Sont exclus de la procédure les personnes morales, mais également les débiteurs qui ont créé une entreprise individuelle inscrite au RCS, puisque les dispositions relatives au règlement des situations de surendettement ne s’appliquent pas lorsque le débiteur relève des procédures de redressement et de liquidation judiciaire des entreprises, malgré la nature des dettes impayées.
Enfin, une des conditions de l’admission au bénéfice de la procédure de traitement des situations de surendettement est la bonne foi des débiteurs, celle-ci étant présumée.
En l’espèce, la Commission de surendettement des particuliers a déclaré le dossier de Monsieur [J] [K] irrecevable au motif de l’existence d’une entreprise individuelle à son nom et encore en activité, immatriculée au RCS sous le numéro de SIREN [N° SIREN/SIRET 14].
Il apparaît que la société immatriculée au RCS sous le numéro de SIREN [N° SIREN/SIRET 14] appartient à un dénommé [K] [J] né au mois de novembre 1992 à [Localité 31].
Or, si le débiteur de la présente procédure se nomme effectivement Monsieur [J] [K], il verse aux débats sa pièce d’identité mettant en avant qu’il est né le 23 juin 1993 à [Localité 37] (21).
Il est donc démontré que l’entreprise immatriculée au RCS sous le numéro de SIREN [N° SIREN/SIRET 14] appartient à un homonyme du débiteur.
Par ailleurs, Monsieur [J] [K] démontre qu’il n’est plus entrepreneur individuel d’une entreprise en activité, puisqu’il produit au débat un extrait Kbis indiquant que son ancienne entreprise immatriculée au RCS sous le numéro [N° SIREN/SIRET 16] a été radiée le 24 mars 2025.
En conséquence, il y a lieu d’infirmer la décision de la Commission, et de déclarer Monsieur [J] [K] recevable à la procédure de surendettement des particuliers dans la mesure où il est effectivement éligible à une telle procédure, où sa bonne foi n’a pas été remise en cause et où il se trouve manifestement dans une situation de surendettement, ne pouvant faire face à son passif déclaré à la Commission de 57717,53 euros.
Il n’apparaît pas nécessaire de procéder à une actualisation des créances à ce stade de la procédure puisqu’un état des créances fera nécessairement suite à la reprise du dossier par la Commission.
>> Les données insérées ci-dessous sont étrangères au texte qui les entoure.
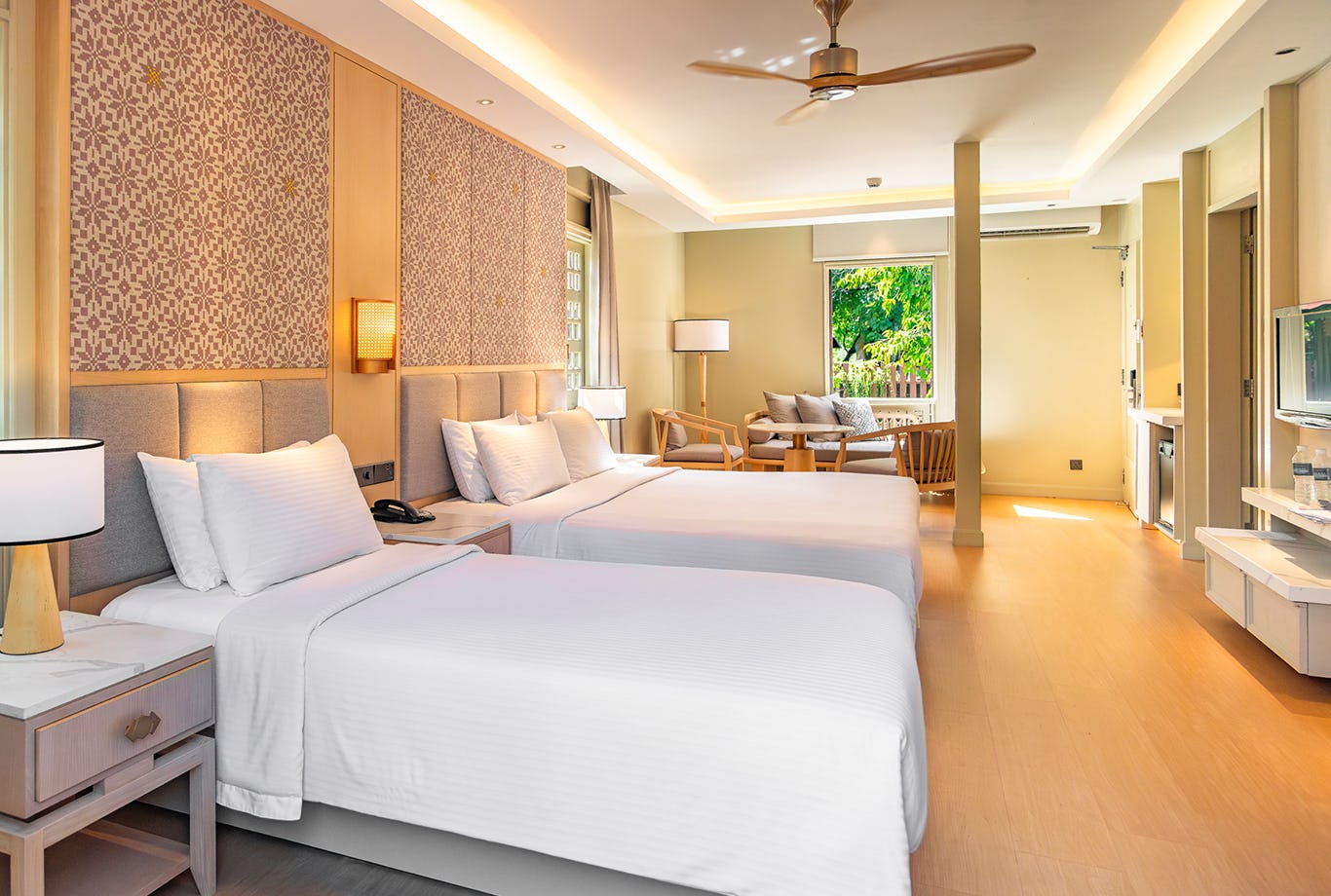 Island View - Family Room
Par ailleurs, les créanciers qui ont écrit n’ont pas justifié d’un décompte détaillé de leur créance.
Les dépens seront laissés à la charge de l’État.
PAR CES MOTIFS
Le juge des contentieux de la protection, statuant publiquement, par décision réputée contradictoire et en dernier ressort ;
DÉCLARE recevable le recours formé par Monsieur [J] [K] né le 23 juin 1993 à [Localité 37] (21) à l’encontre de la décision d’irrecevabilité rendue le 13 février 2025 par la [25] ;
DECLARE recevable la procédure de traitement des situations de surendettement des particuliers déposée par Monsieur [J] [K] auprès de la [25] le 21 janvier 2025 ;
INFIRME en conséquence la décision d’irrecevabilité de la commission de surendettement rendue en date du 13 février 2025 ;
RENVOIE son dossier à la commission ;
DIT qu’à la diligence du Greffe la présente décision sera notifiée par lettre recommandée avec demande d’avis de réception à Monsieur [J] [K] et à ses créanciers et communiquée à la Commission avec la restitution du dossier ;
REJETTE toutes autres demandes ;
LAISSE les dépens à la charge de l’État.
Ainsi jugé et prononcé par mise à disposition au Greffe.